When we decided to leave the city for the college town of Eugene, it seemed the only vintage houses were also crack houses. So we bought a couple of deeply unsatisfying ranchburgers in a row and then a new construction mcmansion with a nice garden and a view of the mall, followed at last by a move to a wonderful Dutch Colonial in small-town Cottage Grove.
The 100-year-old grand dame had a huge yard, an enormous covered back porch, family and living rooms, an office and four bedrooms, not to mention the smallest bathroom possible outside of an RV bathroom, and a south-facing bay window seat that could seat 12. I truly loved that house. It might seem as though in renting half a dozen places, followed by owning five, we've had some wanderlust. Or house lust. But I did believe the Dutch Colonial was our "last house."

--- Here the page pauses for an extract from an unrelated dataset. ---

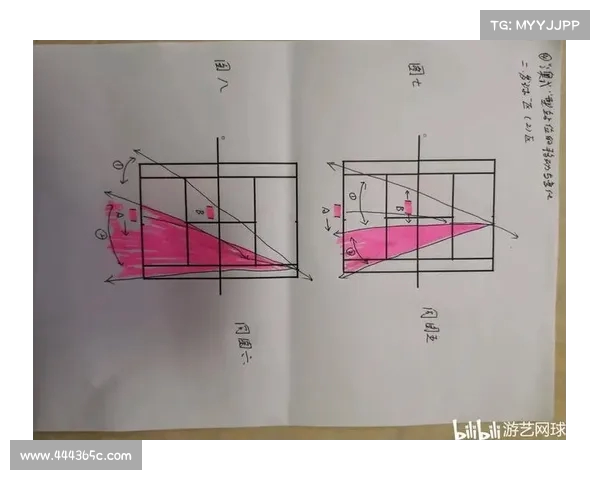 网球比赛战术分析与技巧应用:从基础打法到高级策略的全面解读 网球比赛战术分析与技巧应用:从基础打法到高级策略的全面解读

So of course it wasn't. Because, on a detour during his commute, Ryan drove past this farmette. The sellers had nailed a "for sale by owner" sign to the picket fence, the woodwork was gleaming, the maple trees created an oasis of cool greenery... it was the quintessential vintage farmhouse in a tiny old-fashioned community. It was within walking distance of school, church, grange, "general store" and more. The horses could stop boarding out and I could stop working real estate. This house, it seemed, dropped from heaven as an answer to our long-ago wishes and prayers.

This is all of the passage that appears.